Action item:
Return all lines in the data where the string "also" can be found.

Source data:
......
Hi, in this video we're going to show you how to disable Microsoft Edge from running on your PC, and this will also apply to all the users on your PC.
......
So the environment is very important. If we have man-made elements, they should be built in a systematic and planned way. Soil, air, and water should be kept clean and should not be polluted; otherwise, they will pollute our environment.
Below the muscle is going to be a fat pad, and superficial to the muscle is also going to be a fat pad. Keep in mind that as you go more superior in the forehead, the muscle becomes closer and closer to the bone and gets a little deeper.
......
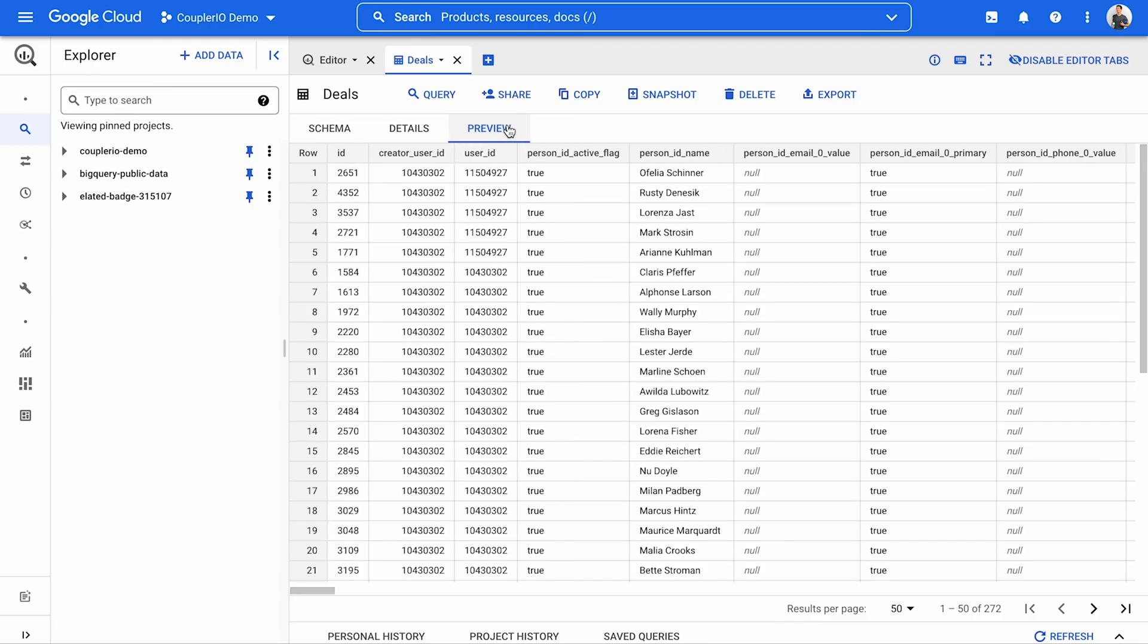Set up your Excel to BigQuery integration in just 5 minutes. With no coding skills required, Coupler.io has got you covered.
......
Result of this task:
Hi, in this video we're going to show you how to disable Microsoft Edge from running on your PC, and this will also apply to all the users on your PC.
Below the muscle is going to be a fat pad, and superficial to the muscle is also going to be a fat pad. Keep in mind that as you go more superior in the forehead, the muscle becomes closer and closer to the bone and gets a little deeper.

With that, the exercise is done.